La Quinta Stumbles Early, Causes Some Faith Loss In IPOs
La Quinta Holdings (NYSE: LQ) announced details of its IPO last night in a press release.
The company raised its offering from the expected 37.2M shares to 38.3M shares and priced itself at $17, below the range of $18 to $21.
Opening at $16.75, the shares struggled out of the gate. Over 10 percent of the IPO shares exchanged hands in the first minute of trading as buyers and sellers fought to move the price. It appeared as though the sellers won, setting a high price of $16.83, before moving to a low of $16.32 a few minutes later, marking a loss for all investors who bought the IPO.
After a bleak opening, La Quinta turned higher to close at $17.22, putting investors back in the black.
Critics of IPO Madness are pointing to La Quinta's weak opening as a sign that big IPO gains are a thing of the past. Speaking of La Quinta in a newsletter today, Jim Cramer said, “The initial public offering window is closing,” before going on to say, “The disappointing opening speaks loudly, not about La Quinta, which, while debt-laden, is a very well-run chain that has solid growth, but about the state of the IPO market.”

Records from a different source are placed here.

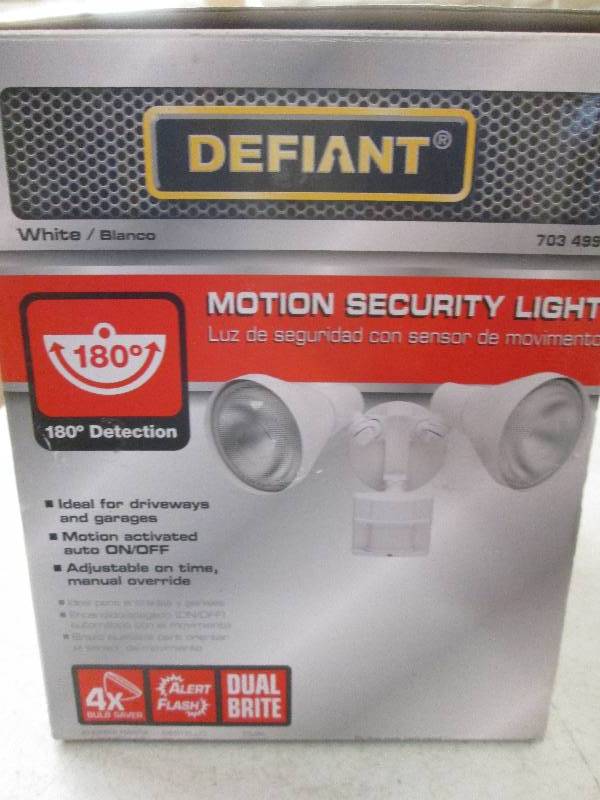 lot 285 image: Defiant motion security light open ...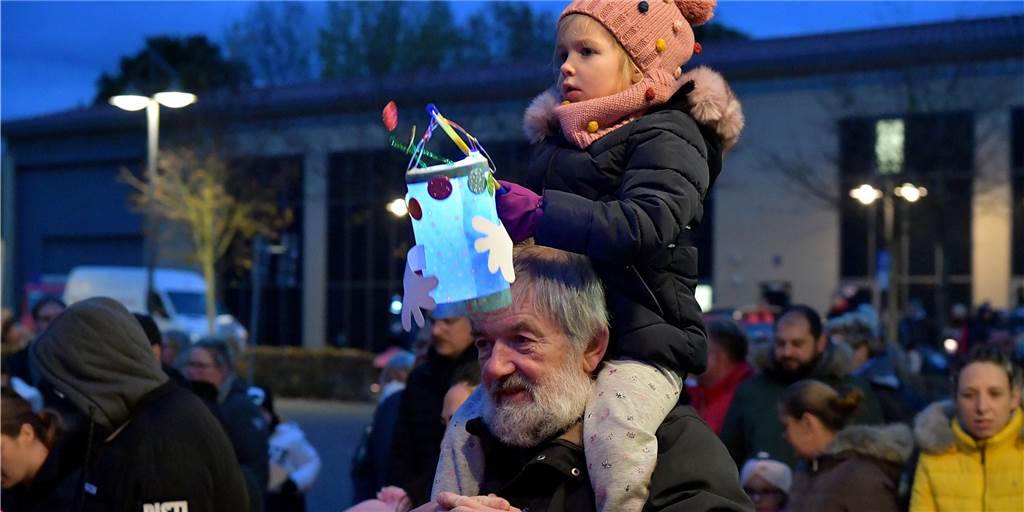 Martinszug in Selm: Leuchtende Laternen und Augen Es war eine wahre Freude, anzusehen, wie sich Kinder und Erwachsene gemeinsam über den Martinszug in Selm freuten.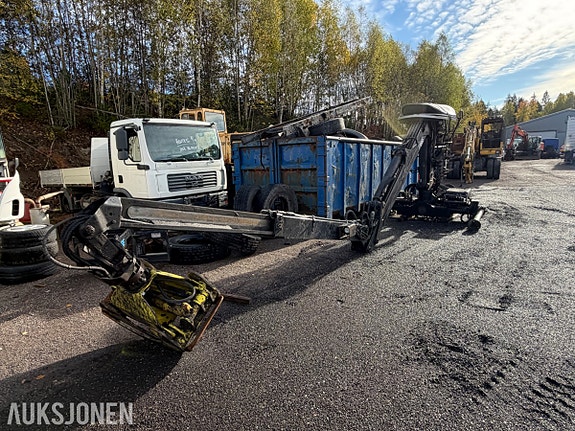 Andre 2022 - Jonsered J1088S 79 tømmerkran 2022 - Grabb og rotator - Betjeningssete med tak - Sakkyndig ko 2 of 30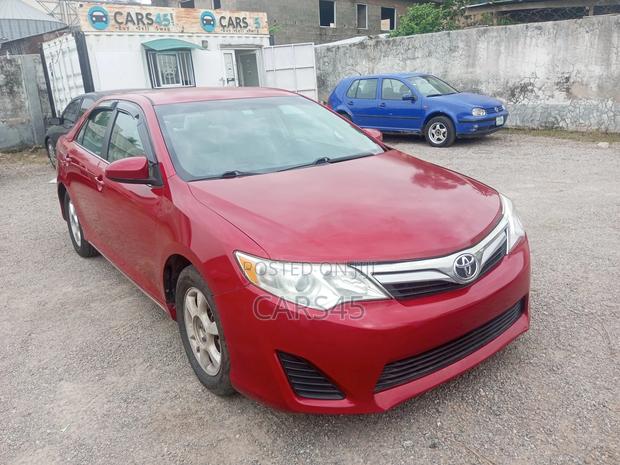 Toyota Camry 2015 Red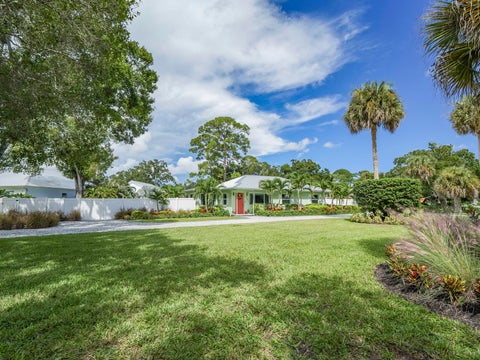 Tiny photo for 2201 BONITA Avenue, Vero Beach, FL 32960 (MLS # B26089773)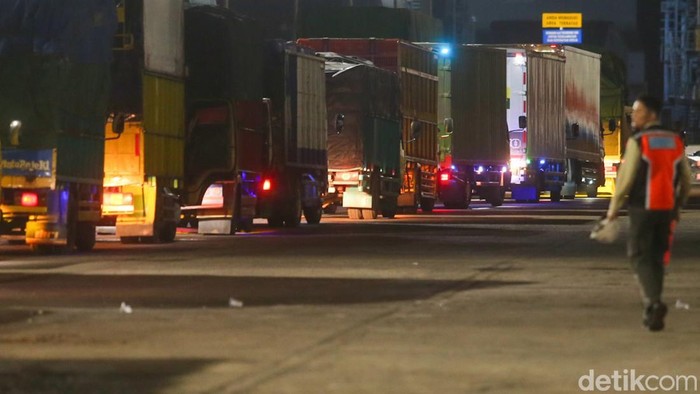 Truk logistik mengantre memasuki area Pelabuhan Ciwandan, Minggu (15/3/2026) dini hari, sebelum menyeberang menuju Pelabuhan Bakauheni.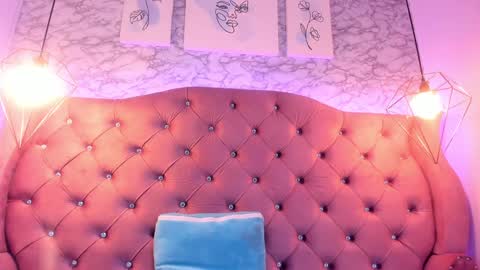 Snapshot of emily_morgan04 chatting on January 20, 5:48 pm online show from January 20, 5:48 pm
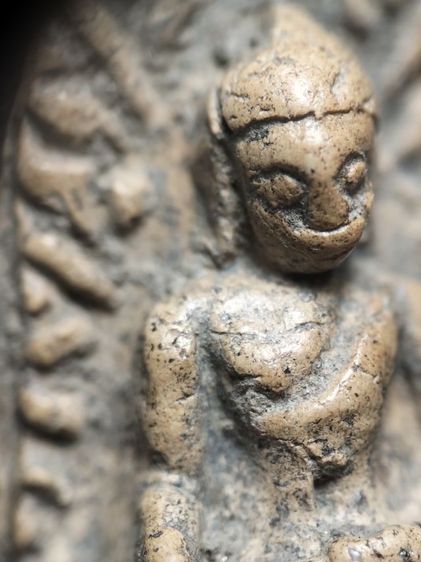 พระรอดลำพูนพิมพ์ใหญ่เนื้อละเอียดแน่นสวยๆครับ รูปที่ 6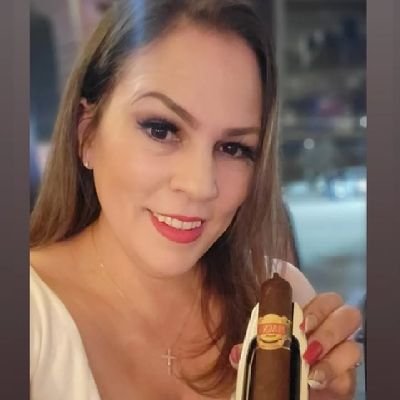 sexycigarist00's profile picture. 💨🌬️Cigar Aficionado 💨🌬️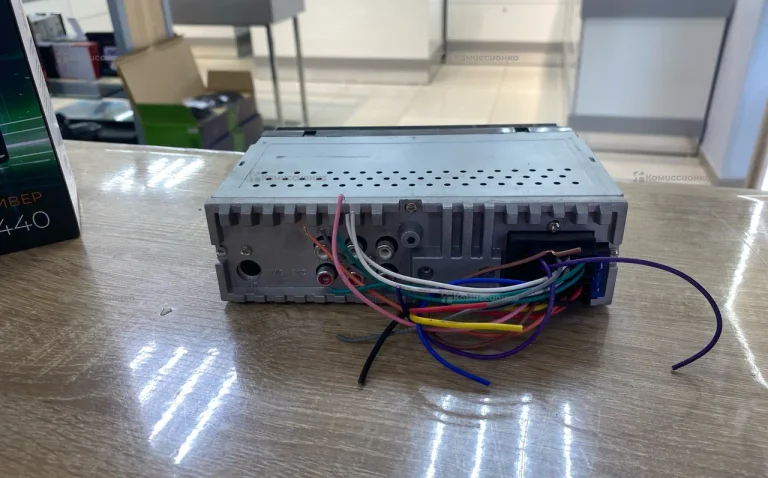 Автомагнитола  Prology CMX-440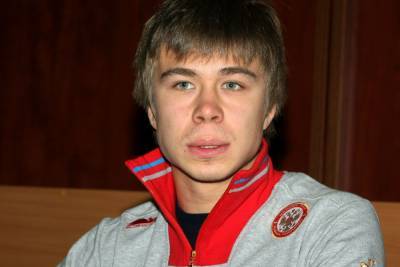 Елистратов выиграл золото чемпионата Европы по шорт-треку на дистанции 1500 метров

La Quinta's opening was weak because it's a hotelier that sold 30 percent of its 122M total shares in an effort to raise $650M to pay off part of its $2.7B worth of debt (as of December 2013). They sold a relatively large piece of the company with a hefty number of shares and aren't going to be using that money for new business development.
Investors want to see the money spent to grow the business and become the next Apple. It's tough to get excited and invest in a company that just wants to pay off its bills.
Disclosure: At the time of this writing, the author holds no positions in any aforementioned securities; however, at a future time, he may choose to hold long or short positions without notice.